I've read the same thing, Joe. That this whole disaster was, in fact, provoked by Israel, Netanyahu specifically, because he wanted a way to break the Palestinian's 'unity' government which recognized and included Hamas.

This is the first time I recall our own journalists [not all but some] refuting the Israeli position and taking exception to the reckless language--telegenic dead, for instance. Even Kerry slipped on a hot mic when he criticized the 'pin point strikes' that Israel has insisted it has been using.

This is the first time the world has eyes on the ground through social media. Tweets, videos, Facebook postings and blogging, revealing the true nature of the assault. Even UN safe houses are no longer off-limits. Apparently, nothing is off-limits.

While I watched videos from the West Bank, a peaceful demonstration with Israel soldiers firing from The Wall, I might have easily been watching some Sci-fi movie, a dystopian view of a grim future.

But no, the future is now, the brutish response real. Whatever 'benefit of the doubt' I once gave Israel is gone. Just heard the ceasefire has ended. So, the slaughter will continue.

Shame on us all.

Peggysue

CBarr said...

"Israeli police official refutes claim that Hamas kidnapped Israeli teens"...

" “Hamas is responsible, and Hamas will pay,” Netanyahu said in reference to the kidnapping. However, Inspector Rosenfeld’s statements, along with a number of reports concerning the identities of known police suspects, seem to indicate that Hamas leadership was not involved in the vicious crime.

The two more-likely suspects are Amer Abu Aysha and Marwan Kawasme, who have been missing from their homes since the night of the kidnapping.
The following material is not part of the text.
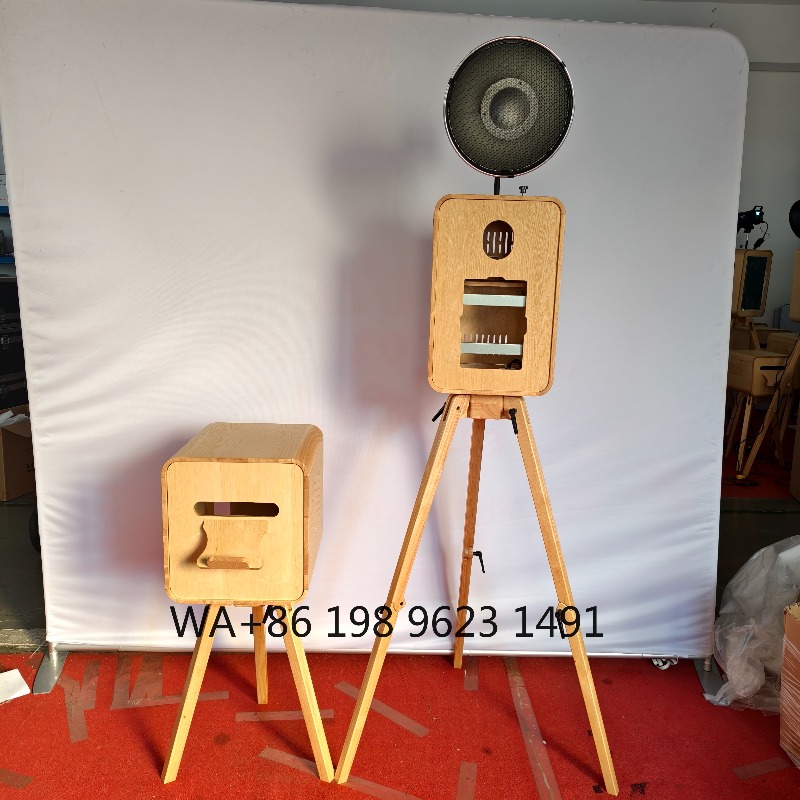 Retro Wooden Selfie Photo Boot - Photography Wedding ulasan dan harga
Police found cellphones and prepared food caches in their homes. Both had recently opened bank accounts in their wive's names. Palestinian security forces reported that Abu Aysha and Kawasme were missing to the Israelis the day after the kidnapping occurred, according to Al Monitor.

“That was the first clue in the investigation and the reason why Israel pointed an accusatory finger at the Hamas infrastructure in Hebron,” wrote Shlomi Eldar, a veteran journalist who has covered the Palestinian Authority for the past two decades.

Abu Aysha and Kawasme are known members of the Qawasameh tribe, according to Palestinian security forces. While members of Hebron-based Qawasameh clan identify with Hamas, they have a history of undermining its efforts to end violent conflicts with Israel. In 2003, for instance, the family sent two suicide bombers to blow up a bus in Jerusalem after a tahadiyeh (ceasefire) had been successfully negotiated between Israeli and Palestinian fighters, which was endorsed by Hamas founder Ahmed Yassin."